Psych StaffelEins

Der Seriendienstag auf RTL führt im Abendprogramm von CSI: Miami über Dr. House zu Psych gefolgt von Law&Order – viel Material, das von uns bisher nicht behandelt wurde. Ich habe mich in diesem Beitrag der Serie zugewendet, deren Episodenzähler bei mir vor dem letzten Dienstag noch auf einer glatten Null stand.

Ein weißer (Shawn) und ein schwarzer Kumpel (Gus), wie sie seit “Nur 48 Stunden” im Buche stehen, necken sich eine volle Stunde lang. Gespielt werden sie von Shawn Spencer und Burton ‘Gus’ Guster – wenn es da bei niemandem klingelt, keine Sorge, Psych ist wirklich das allererste, was sie film- oder serientechnisch überhaupt im Lebenslauf führen. Ein wenig sieht man es ihnen an.

Psych Screen

Dieses Newbie Image scheint vom Produzenten gezielt gewählt worden zu sein. Warum sonst sollte man die Namen der Rollen einfach genauso benennen wie die Schauspieler auch im richtigen Leben heißen? Um so mehr Unterstützung lässt man den beiden durch hochklassige Nebenrollen zukommen. John Amos, der den Krimi-Fanatiker Onkel von Gus mimt, ist in diversen Hollywood Produktionen zu finden und John Ashton dürfte nicht nur durch seine Partner-Bullen-Rolle in Beverly Hills Cop bekannt sein.
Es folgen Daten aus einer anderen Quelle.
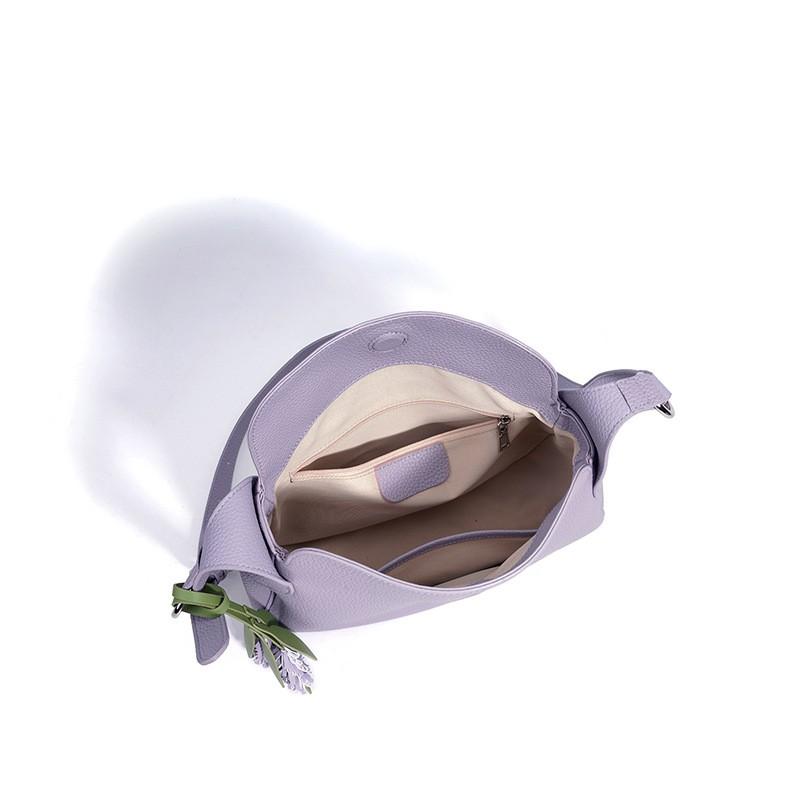 Exquisite Pendant Genuine Leather Women's Bag Design Niche Crossbody Light Luxury High-end Handbag Shoulder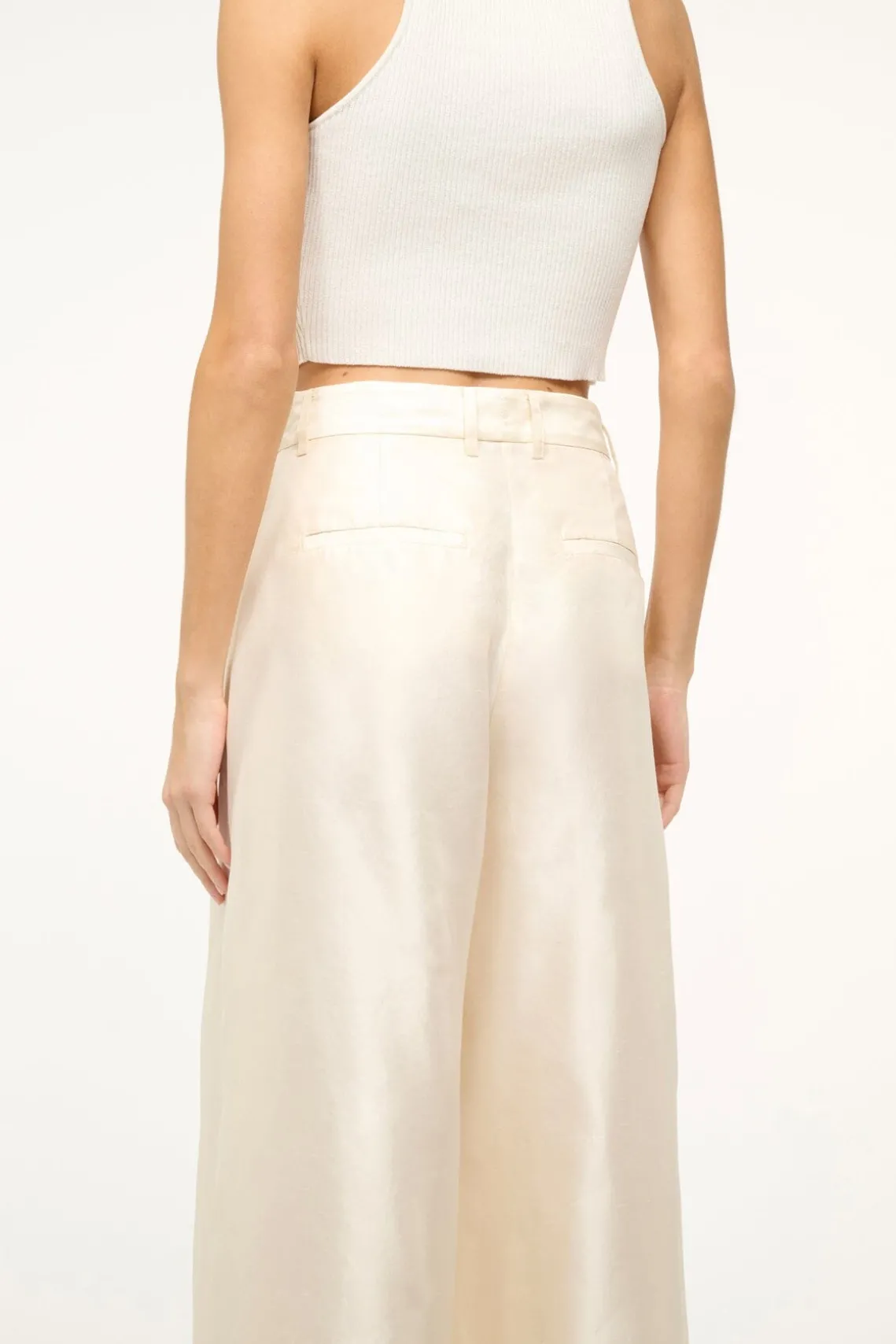 SASHA PANT IVORY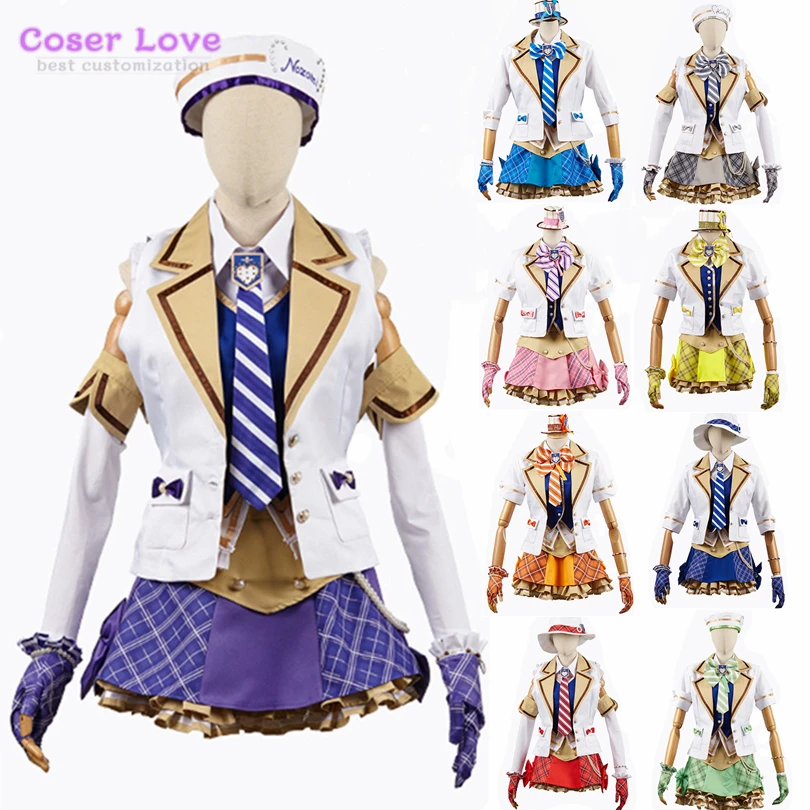 

Lovelive Nishikino Maki Koizumi Hanayo Sonoda Umi Kousaka Honoka Yazawa Nico Toujou Nozomi Ayase Eli Eri Rin Cosplay Costume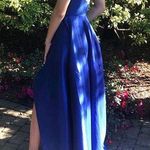 PromGirl Long Alyce High-Low Taffeta Prom Dress with Slit Photo 1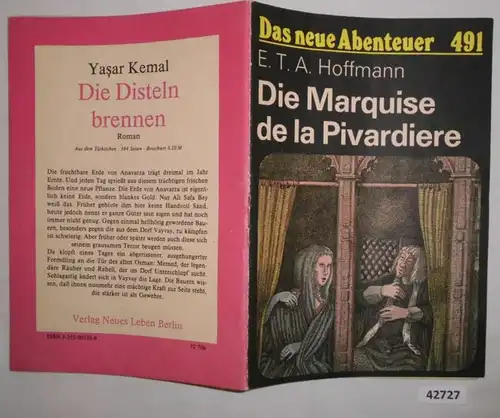La nouvelle aventure n° 491: La Marquise de la Pivariere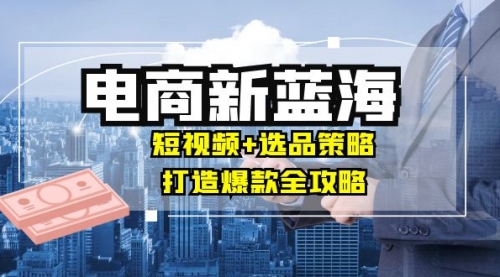 【第11600期】商家必看电商新蓝海：短视频+选品策略，打造爆款全攻略，月入10w+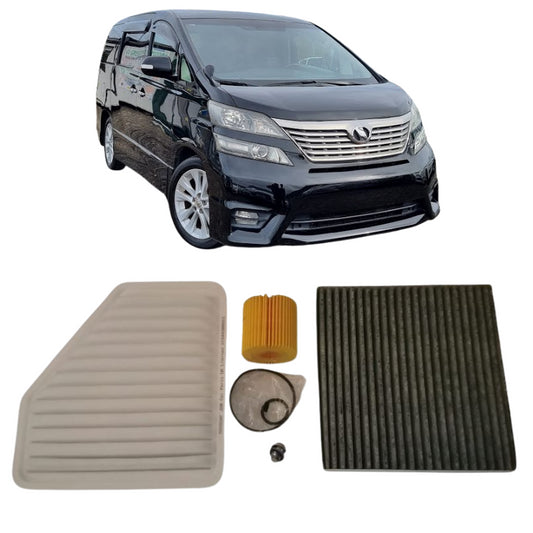 Toyota Alphard Vellfire 2008-2015 3.5 Service Kit Oil Air Pollen Filters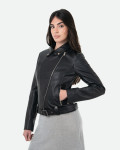 Women's Black Perfecto Leather Jacket | Leather Trend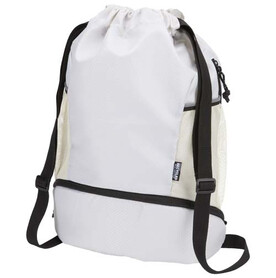 Nomad GRS-recycelter Sportbeutel mit Bodenfach 18 L, Sandstone bedrucken, Art.-Nr. 13009932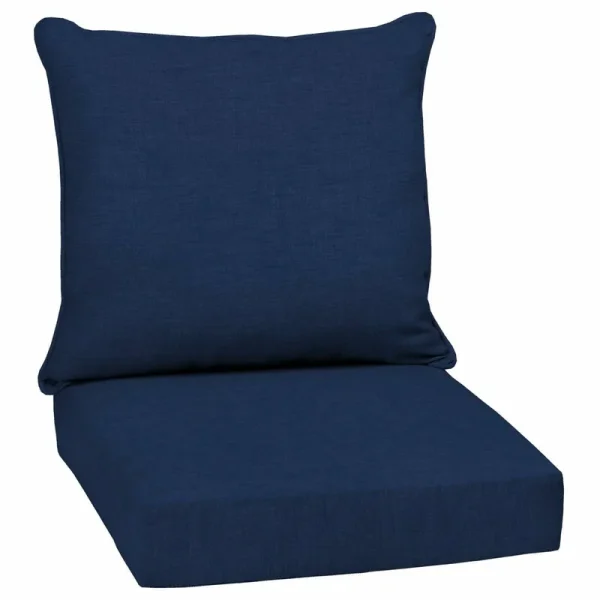 Arden Selections Sapphire Leala Outdoor Deep Seat Cushion Set, Blue
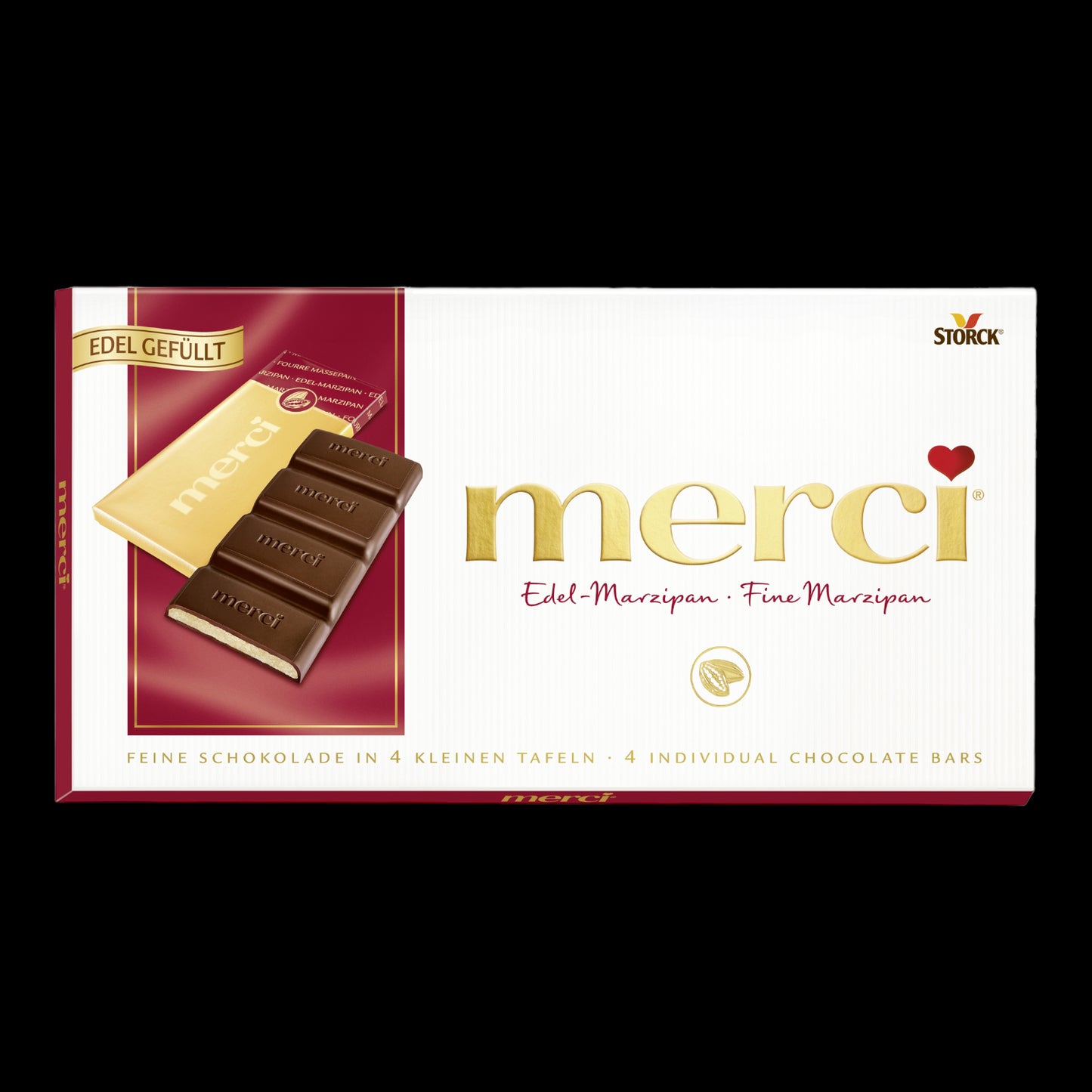 merci Tafelschokolade Edel-Marzipan 112g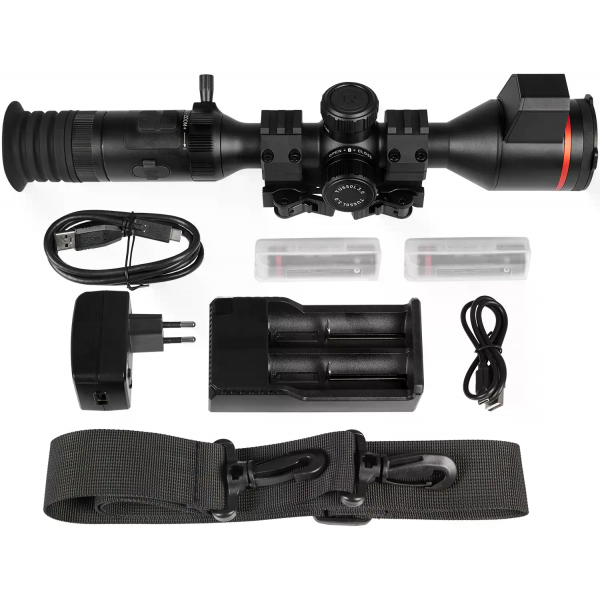 Прицел тепловизионный Guide TU650L 3.0 3.9-31.2x50 640x512@12μm с дальнемером 1500 м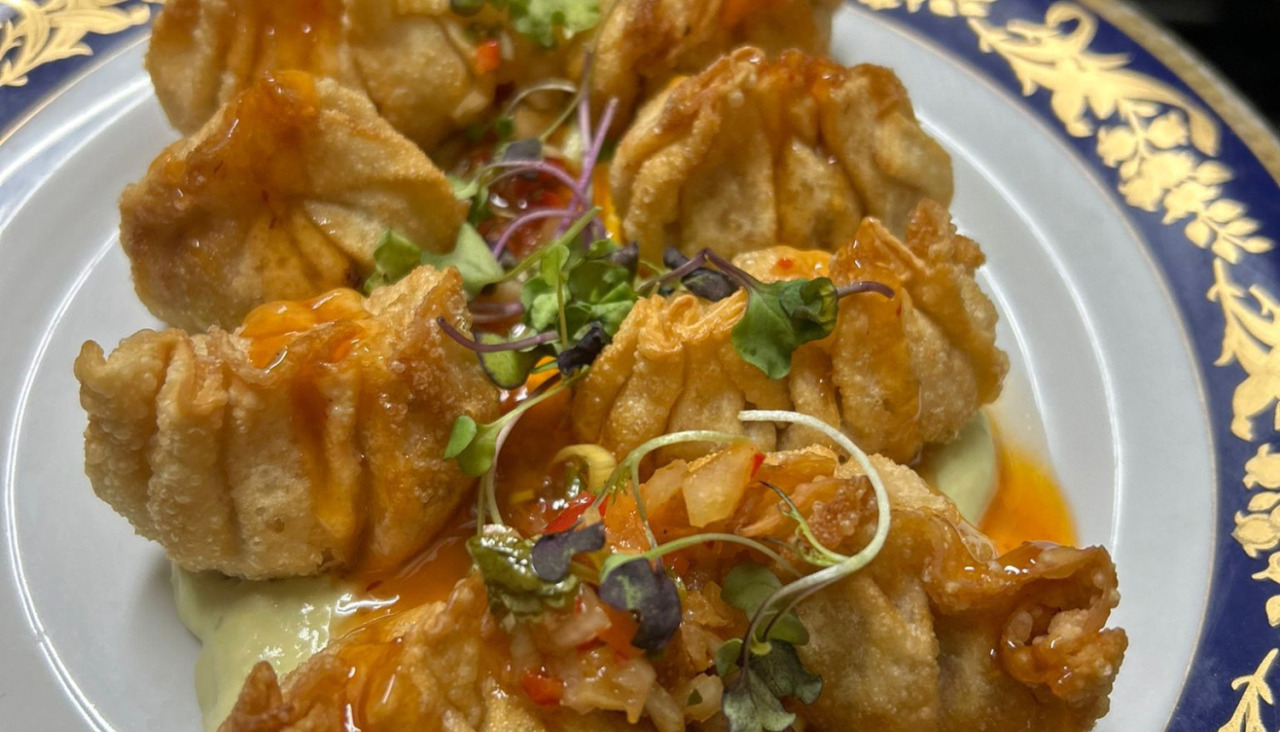 Gyozas de rape y langostino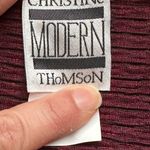 Modern Lux Christine Modern Thompson Red Velvet comfortable Long Sleeve Blouse Sz. 2X. Photo 7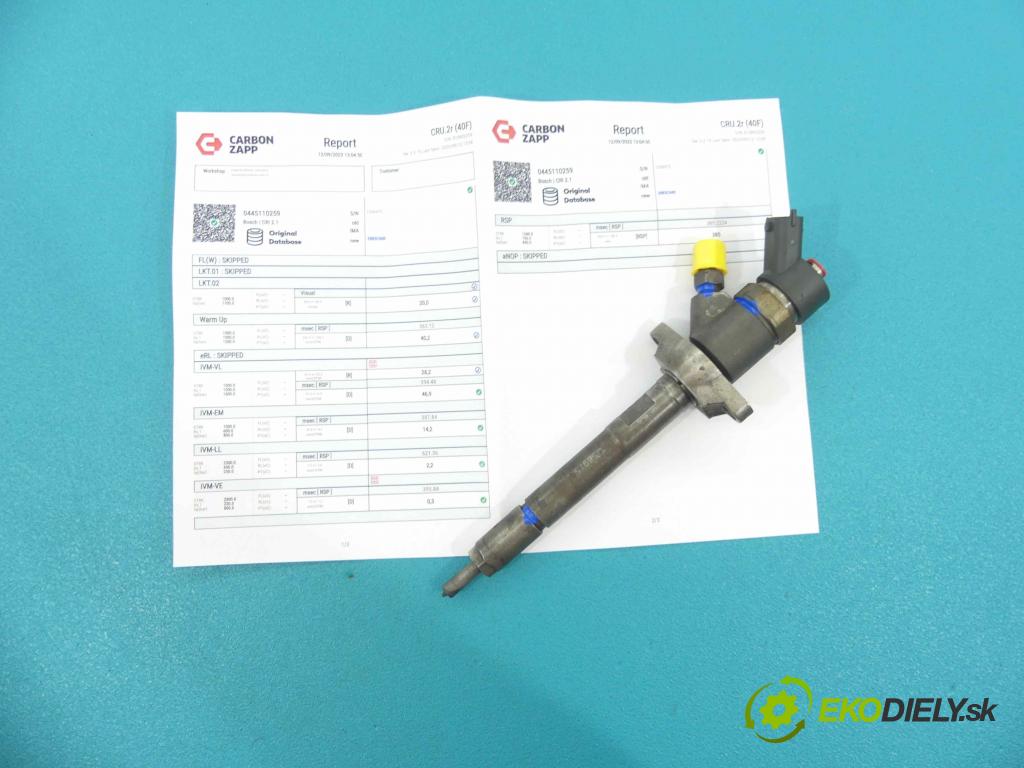 Ford Focus Mk2 2004-2011 1.6 tdci 109 HP manual 80 kW 1560 cm3 5- vstrek 0445110259 (Vstrekovače)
Ansonsten geht es darum, dass Shawn immer Gedankenblitze zu Gegenständen kommen, die in einem Raum auftauchen, er ist jedoch nicht schlau genug um die Bedeutung ihrer Anordnung zu erfassen, deshalb braucht er Gus, der das Puzzle zusammensetzt und erklärt. Zusammen leiten sie ein Detektivbüro und beeindrucken die Polizei mit ihren hellseherischen Fähigkeiten.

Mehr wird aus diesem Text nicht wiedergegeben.